Não falarei novamente sobre a origem da efeméride, mesmo porque há
espaço para variadas e valiosas reflexões recorrentes. Uma delas, sem
dúvida, é focalizar o samba como manifestação cultural genuína, sem
cópias, sem “globalismos localizados” ou “localismos globalizados”, como
diria o sociólogo português Boaventura de Souza Santos.
Digo isso por que, ao procurarmos notícias sobre a programação relativa a
esta data, leio que haverá, por exemplo, em São Paulo, um passeio de
trem com batuqueiros a bordo, entre outras variadas rodas…É bem esse o
exemplo de um localismo globalizado, onde um evento que faz sentido no
lugar onde nasceu – no caso, nos subúrbios cariocas da zona norte –
acaba por ser “exportado” para outros lugares, como, no caso, São Paulo;
via de regra, muito em breve, alguém, de outra capital ou cidade
qualquer – se isso já não estiver acontecendo agora – irá transportar a
idéia e, obedecendo a logística mercadológica dos dias atuais, tentará
se aproveitar do fato para auferir visibilidade e, num segundo momento,
lucro.
E é nessa sutil linha fronteiriça que a manifestação legítima cultural
se transforma em produto cultural, caso não prevaleça o bom senso, a
ótica reverente e o legado de se agregar as novas gerações sem deturpar
as velhas tradições.
Não sei se há o Dia Nacional do Forró ou o Dia Nacional da Bossa Nova ,
sei que existe o Dia Nacional do Chorinho – coincide com o dia do
nascimento de Pixinguinha, homenagem mais do que merecida e consistente.
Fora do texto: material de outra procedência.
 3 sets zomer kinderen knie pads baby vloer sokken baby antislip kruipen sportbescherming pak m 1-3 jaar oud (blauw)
Independente de haver ou não datas específicas, o que importaria, para a
cultura musical brasileira, seria uma atuação
diferenciada do Ministério da Cultura, hoje comandado pela Ana de
Hollanda Irmã do Chico Buarque, no sentido de se conclamar reuniões com
emissoras abertas de rádio e TV – mídias diretas que atingem a maior
parte da população brasileira – a fim de se exigir que as mesmas
tivessem que reproduzir em suas programações corriqueiras um mesmo tempo
de exposição para todos os gêneros musicais, e não só o pagode, o axé, o
sertanejo, o funk que monopolizam devido ao tão conhecido jabá…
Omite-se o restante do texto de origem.